### Work task:
The records that follow must be transcribed in full, without any change.

(Crawled caption data)
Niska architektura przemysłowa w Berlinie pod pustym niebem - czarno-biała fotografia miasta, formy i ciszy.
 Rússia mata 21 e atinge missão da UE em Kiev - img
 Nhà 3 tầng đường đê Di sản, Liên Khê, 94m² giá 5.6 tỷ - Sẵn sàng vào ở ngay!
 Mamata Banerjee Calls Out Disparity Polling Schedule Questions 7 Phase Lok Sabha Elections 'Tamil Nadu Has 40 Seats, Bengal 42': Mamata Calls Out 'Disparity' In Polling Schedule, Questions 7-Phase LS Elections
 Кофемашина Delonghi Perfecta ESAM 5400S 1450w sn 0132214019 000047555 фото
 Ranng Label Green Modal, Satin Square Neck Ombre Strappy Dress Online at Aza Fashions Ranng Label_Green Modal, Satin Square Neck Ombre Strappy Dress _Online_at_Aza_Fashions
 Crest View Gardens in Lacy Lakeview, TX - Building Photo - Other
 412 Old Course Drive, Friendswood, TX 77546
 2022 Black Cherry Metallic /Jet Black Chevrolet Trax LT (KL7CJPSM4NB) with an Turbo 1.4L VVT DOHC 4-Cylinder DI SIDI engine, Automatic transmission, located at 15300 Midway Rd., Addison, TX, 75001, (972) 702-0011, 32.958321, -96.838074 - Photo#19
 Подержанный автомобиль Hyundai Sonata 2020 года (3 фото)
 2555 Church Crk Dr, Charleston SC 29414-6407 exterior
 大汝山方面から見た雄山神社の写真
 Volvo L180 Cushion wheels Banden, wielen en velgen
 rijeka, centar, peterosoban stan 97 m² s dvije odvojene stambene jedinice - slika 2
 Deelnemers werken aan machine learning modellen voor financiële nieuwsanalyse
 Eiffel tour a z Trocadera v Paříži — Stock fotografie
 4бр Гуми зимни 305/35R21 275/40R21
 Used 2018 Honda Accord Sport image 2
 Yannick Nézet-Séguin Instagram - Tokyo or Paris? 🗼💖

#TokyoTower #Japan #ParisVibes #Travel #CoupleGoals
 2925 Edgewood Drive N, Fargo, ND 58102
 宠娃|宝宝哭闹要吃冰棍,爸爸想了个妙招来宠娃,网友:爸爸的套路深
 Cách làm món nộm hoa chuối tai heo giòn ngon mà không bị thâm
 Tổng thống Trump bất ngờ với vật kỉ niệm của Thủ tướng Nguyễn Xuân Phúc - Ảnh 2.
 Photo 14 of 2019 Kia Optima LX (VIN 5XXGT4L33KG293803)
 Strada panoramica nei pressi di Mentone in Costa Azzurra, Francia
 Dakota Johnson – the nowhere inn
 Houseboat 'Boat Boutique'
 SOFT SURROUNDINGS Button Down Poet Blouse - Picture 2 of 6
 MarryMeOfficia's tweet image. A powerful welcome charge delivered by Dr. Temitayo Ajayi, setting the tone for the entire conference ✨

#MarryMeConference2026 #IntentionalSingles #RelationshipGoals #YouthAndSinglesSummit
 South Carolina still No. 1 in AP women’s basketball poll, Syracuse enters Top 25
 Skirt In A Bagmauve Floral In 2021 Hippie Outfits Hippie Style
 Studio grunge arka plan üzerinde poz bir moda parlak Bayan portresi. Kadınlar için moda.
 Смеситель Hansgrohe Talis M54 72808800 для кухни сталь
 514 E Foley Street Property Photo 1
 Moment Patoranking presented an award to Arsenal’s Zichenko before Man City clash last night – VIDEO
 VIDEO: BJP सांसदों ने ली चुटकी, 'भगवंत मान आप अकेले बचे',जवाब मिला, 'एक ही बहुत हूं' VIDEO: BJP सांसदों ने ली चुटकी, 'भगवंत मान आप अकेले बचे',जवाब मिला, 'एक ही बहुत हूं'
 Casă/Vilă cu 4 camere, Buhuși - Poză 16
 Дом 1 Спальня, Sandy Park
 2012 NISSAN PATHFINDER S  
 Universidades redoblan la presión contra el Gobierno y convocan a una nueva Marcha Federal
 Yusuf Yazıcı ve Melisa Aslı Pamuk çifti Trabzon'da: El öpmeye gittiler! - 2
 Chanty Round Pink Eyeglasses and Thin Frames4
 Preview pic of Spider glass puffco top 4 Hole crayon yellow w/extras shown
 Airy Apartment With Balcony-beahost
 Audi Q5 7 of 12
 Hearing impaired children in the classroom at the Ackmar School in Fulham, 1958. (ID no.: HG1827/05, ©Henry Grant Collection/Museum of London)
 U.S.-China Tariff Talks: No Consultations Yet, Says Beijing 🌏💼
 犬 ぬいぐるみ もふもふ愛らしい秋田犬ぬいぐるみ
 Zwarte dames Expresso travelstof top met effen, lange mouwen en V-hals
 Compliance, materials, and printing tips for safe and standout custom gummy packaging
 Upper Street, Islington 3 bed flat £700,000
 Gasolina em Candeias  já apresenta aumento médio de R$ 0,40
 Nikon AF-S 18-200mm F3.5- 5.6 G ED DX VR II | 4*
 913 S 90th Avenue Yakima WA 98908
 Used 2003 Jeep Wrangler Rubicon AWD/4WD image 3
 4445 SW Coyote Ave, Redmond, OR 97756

### The answer:
Niska architektura przemysłowa w Berlinie pod pustym niebem - czarno-biała fotografia miasta, formy i ciszy.
 Rússia mata 21 e atinge missão da UE em Kiev - img
 Nhà 3 tầng đường đê Di sản, Liên Khê, 94m² giá 5.6 tỷ - Sẵn sàng vào ở ngay!
 Mamata Banerjee Calls Out Disparity Polling Schedule Questions 7 Phase Lok Sabha Elections 'Tamil Nadu Has 40 Seats, Bengal 42': Mamata Calls Out 'Disparity' In Polling Schedule, Questions 7-Phase LS Elections
 Кофемашина Delonghi Perfecta ESAM 5400S 1450w sn 0132214019 000047555 фото
 Ranng Label Green Modal, Satin Square Neck Ombre Strappy Dress Online at Aza Fashions Ranng Label_Green Modal, Satin Square Neck Ombre Strappy Dress _Online_at_Aza_Fashions
 Crest View Gardens in Lacy Lakeview, TX - Building Photo - Other
 412 Old Course Drive, Friendswood, TX 77546
 2022 Black Cherry Metallic /Jet Black Chevrolet Trax LT (KL7CJPSM4NB) with an Turbo 1.4L VVT DOHC 4-Cylinder DI SIDI engine, Automatic transmission, located at 15300 Midway Rd., Addison, TX, 75001, (972) 702-0011, 32.958321, -96.838074 - Photo#19
 Подержанный автомобиль Hyundai Sonata 2020 года (3 фото)
 2555 Church Crk Dr, Charleston SC 29414-6407 exterior
 大汝山方面から見た雄山神社の写真
 Volvo L180 Cushion wheels Banden, wielen en velgen
 rijeka, centar, peterosoban stan 97 m² s dvije odvojene stambene jedinice - slika 2
 Deelnemers werken aan machine learning modellen voor financiële nieuwsanalyse
 Eiffel tour a z Trocadera v Paříži — Stock fotografie
 4бр Гуми зимни 305/35R21 275/40R21
 Used 2018 Honda Accord Sport image 2
 Yannick Nézet-Séguin Instagram - Tokyo or Paris? 🗼💖

#TokyoTower #Japan #ParisVibes #Travel #CoupleGoals
 2925 Edgewood Drive N, Fargo, ND 58102
 宠娃|宝宝哭闹要吃冰棍,爸爸想了个妙招来宠娃,网友:爸爸的套路深
 Cách làm món nộm hoa chuối tai heo giòn ngon mà không bị thâm
 Tổng thống Trump bất ngờ với vật kỉ niệm của Thủ tướng Nguyễn Xuân Phúc - Ảnh 2.
 Photo 14 of 2019 Kia Optima LX (VIN 5XXGT4L33KG293803)
 Strada panoramica nei pressi di Mentone in Costa Azzurra, Francia
 Dakota Johnson – the nowhere inn
 Houseboat 'Boat Boutique'
 SOFT SURROUNDINGS Button Down Poet Blouse - Picture 2 of 6
 MarryMeOfficia's tweet image. A powerful welcome charge delivered by Dr. Temitayo Ajayi, setting the tone for the entire conference ✨

#MarryMeConference2026 #IntentionalSingles #RelationshipGoals #YouthAndSinglesSummit
 South Carolina still No. 1 in AP women’s basketball poll, Syracuse enters Top 25
 Skirt In A Bagmauve Floral In 2021 Hippie Outfits Hippie Style
 Studio grunge arka plan üzerinde poz bir moda parlak Bayan portresi. Kadınlar için moda.
 Смеситель Hansgrohe Talis M54 72808800 для кухни сталь
 514 E Foley Street Property Photo 1
 Moment Patoranking presented an award to Arsenal’s Zichenko before Man City clash last night – VIDEO
 VIDEO: BJP सांसदों ने ली चुटकी, 'भगवंत मान आप अकेले बचे',जवाब मिला, 'एक ही बहुत हूं' VIDEO: BJP सांसदों ने ली चुटकी, 'भगवंत मान आप अकेले बचे',जवाब मिला, 'एक ही बहुत हूं'
 Casă/Vilă cu 4 camere, Buhuși - Poză 16
 Дом 1 Спальня, Sandy Park
 2012 NISSAN PATHFINDER S  
 Universidades redoblan la presión contra el Gobierno y convocan a una nueva Marcha Federal
 Yusuf Yazıcı ve Melisa Aslı Pamuk çifti Trabzon'da: El öpmeye gittiler! - 2
 Chanty Round Pink Eyeglasses and Thin Frames4
 Preview pic of Spider glass puffco top 4 Hole crayon yellow w/extras shown
 Airy Apartment With Balcony-beahost
 Audi Q5 7 of 12
 Hearing impaired children in the classroom at the Ackmar School in Fulham, 1958. (ID no.: HG1827/05, ©Henry Grant Collection/Museum of London)
 U.S.-China Tariff Talks: No Consultations Yet, Says Beijing 🌏💼
 犬 ぬいぐるみ もふもふ愛らしい秋田犬ぬいぐるみ
 Zwarte dames Expresso travelstof top met effen, lange mouwen en V-hals
 Compliance, materials, and printing tips for safe and standout custom gummy packaging
 Upper Street, Islington 3 bed flat £700,000
 Gasolina em Candeias  já apresenta aumento médio de R$ 0,40
 Nikon AF-S 18-200mm F3.5- 5.6 G ED DX VR II | 4*
 913 S 90th Avenue Yakima WA 98908
 Used 2003 Jeep Wrangler Rubicon AWD/4WD image 3
 4445 SW Coyote Ave, Redmond, OR 97756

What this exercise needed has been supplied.